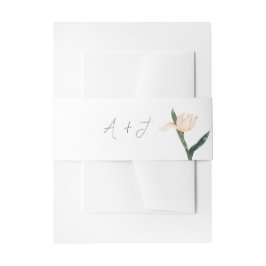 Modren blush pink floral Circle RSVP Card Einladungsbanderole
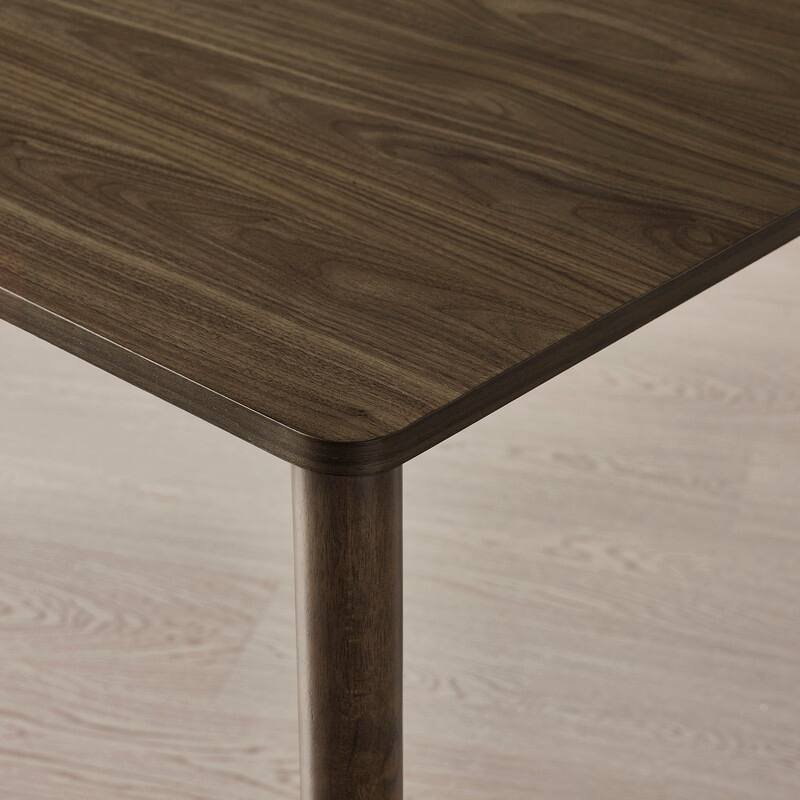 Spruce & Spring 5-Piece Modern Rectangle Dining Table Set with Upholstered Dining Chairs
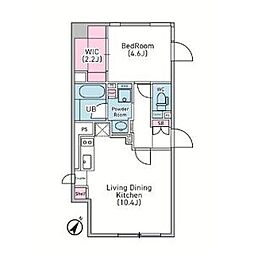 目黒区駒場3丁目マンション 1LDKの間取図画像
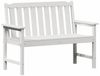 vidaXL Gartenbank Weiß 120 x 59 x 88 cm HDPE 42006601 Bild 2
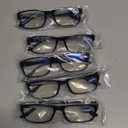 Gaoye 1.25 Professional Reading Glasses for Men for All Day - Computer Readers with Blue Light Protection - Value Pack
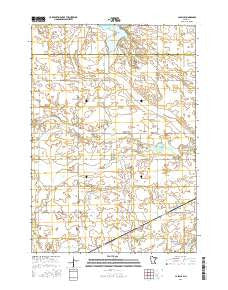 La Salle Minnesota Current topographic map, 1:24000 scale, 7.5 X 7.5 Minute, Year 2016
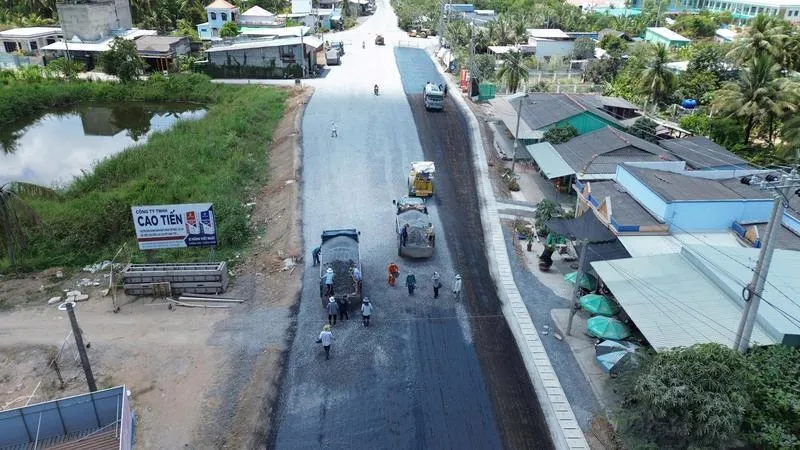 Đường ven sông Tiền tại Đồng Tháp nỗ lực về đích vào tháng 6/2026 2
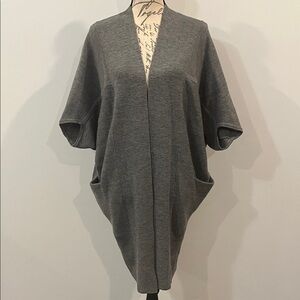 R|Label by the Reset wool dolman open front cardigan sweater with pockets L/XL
::::::::::
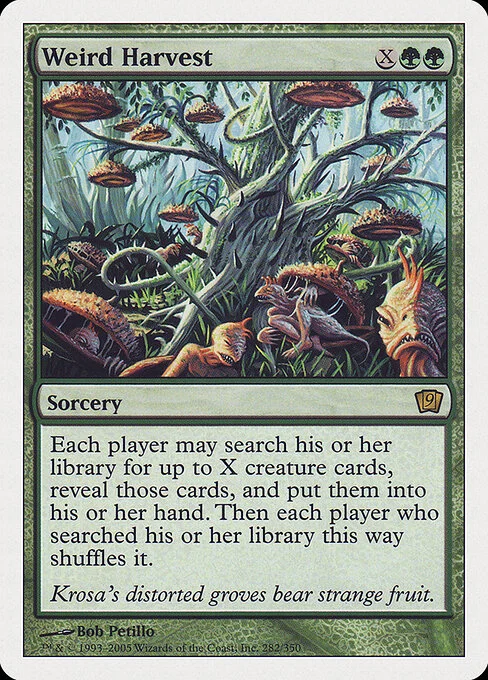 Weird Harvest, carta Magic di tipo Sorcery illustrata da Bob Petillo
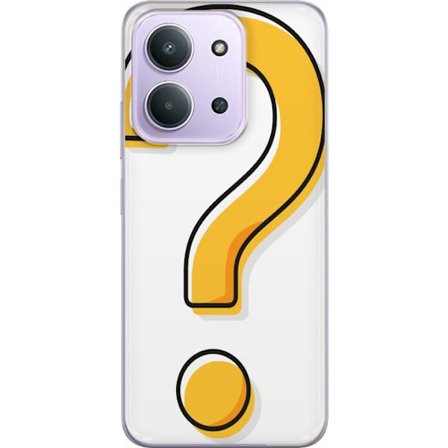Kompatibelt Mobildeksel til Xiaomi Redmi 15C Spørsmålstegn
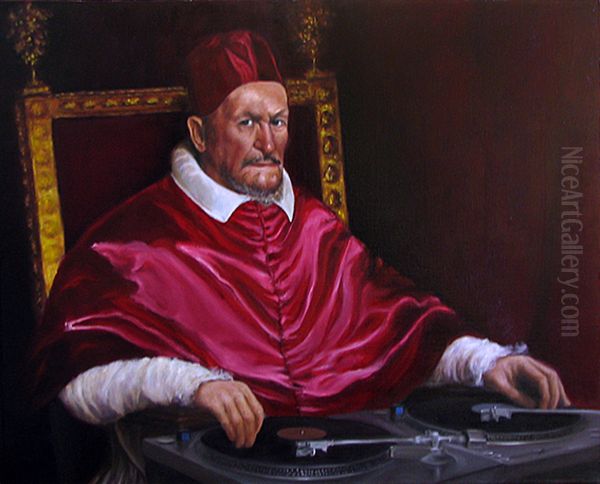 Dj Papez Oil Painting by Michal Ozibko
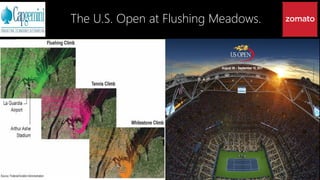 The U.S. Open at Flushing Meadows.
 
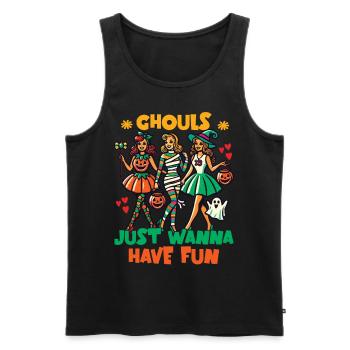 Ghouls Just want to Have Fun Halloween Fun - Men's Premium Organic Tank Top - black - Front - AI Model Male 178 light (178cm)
::::::::::
What you need to produce is an exact copy of the entries above, limited to the lines from the one with "Modren blush pink" up to and including the one with "R|Label by the", without pictures.

 Modren blush pink floral Circle RSVP Card Einladungsbanderole
 Spruce & Spring 5-Piece Modern Rectangle Dining Table Set with Upholstered Dining Chairs
 目黒区駒場3丁目マンション 1LDKの間取図画像
 vidaXL Gartenbank Weiß 120 x 59 x 88 cm HDPE 42006601 Bild 2
 Gaoye 1.25 Professional Reading Glasses for Men for All Day - Computer Readers with Blue Light Protection - Value Pack
 La Salle Minnesota Current topographic map, 1:24000 scale, 7.5 X 7.5 Minute, Year 2016
 Đường ven sông Tiền tại Đồng Tháp nỗ lực về đích vào tháng 6/2026 2
 R|Label by the Reset wool dolman open front cardigan sweater with pockets L/XL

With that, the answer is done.